3 Why Nokia may leave India (R Jai Krishna & Sven Grundberg in The Wall Street Journal) According to a report in the Indian Express newspaper, the Finnish handset maker has said that India has become “the least favorable market” and it would rather exit and export its handsets from China. Nokia couldn’t confirm the contents of a letter apparently submitted to the government and cited by the report, but Nokia spokesman Brett Young said the company has been in discussions with the Indian government and the state government over ways to bring “greater clarity to the business environment in India.”

The report comes after the company ran into tax issues in India. In late May, Nokia lost an appeal against an order for 20.8 billion ($323.4 million) in retrospective taxes on software the Indian unit supplied to its parent firm. The company contends it has not received a tax refund it was promised as part of a pact with the southern Indian state of Tamil Nadu. The Helsinki-based company cited “political risk” of operating in the country that could impact its future investment decisions, the newspaper reported, citing a letter written by the company to India’s trade ministry in June.
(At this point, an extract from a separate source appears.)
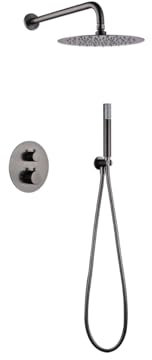 MICE - Conjunto de ducha, Kit termostatico Ducha Empotrado pared - 2 vías - griferia baño termostatico (Negro Metalizado)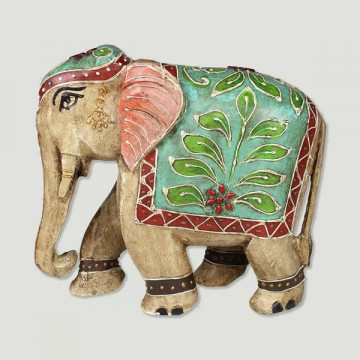 Elefante madera con heena flor. 20cm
Nokia has a facility to make handsets near Chennai, in Tamil Nadu, where the company said it has invested $285 million in manufacturing operations. Nokia was dethroned as the number ne handset maker by revenue in India last fiscal year after a decade by South Korea’s Samsung Electronics Co. according trade publication Voice & Data.  Nokia’s revenue from India also dropped 18% to 97.80 billion ($ 1.52 billion) in the year that ended March 31.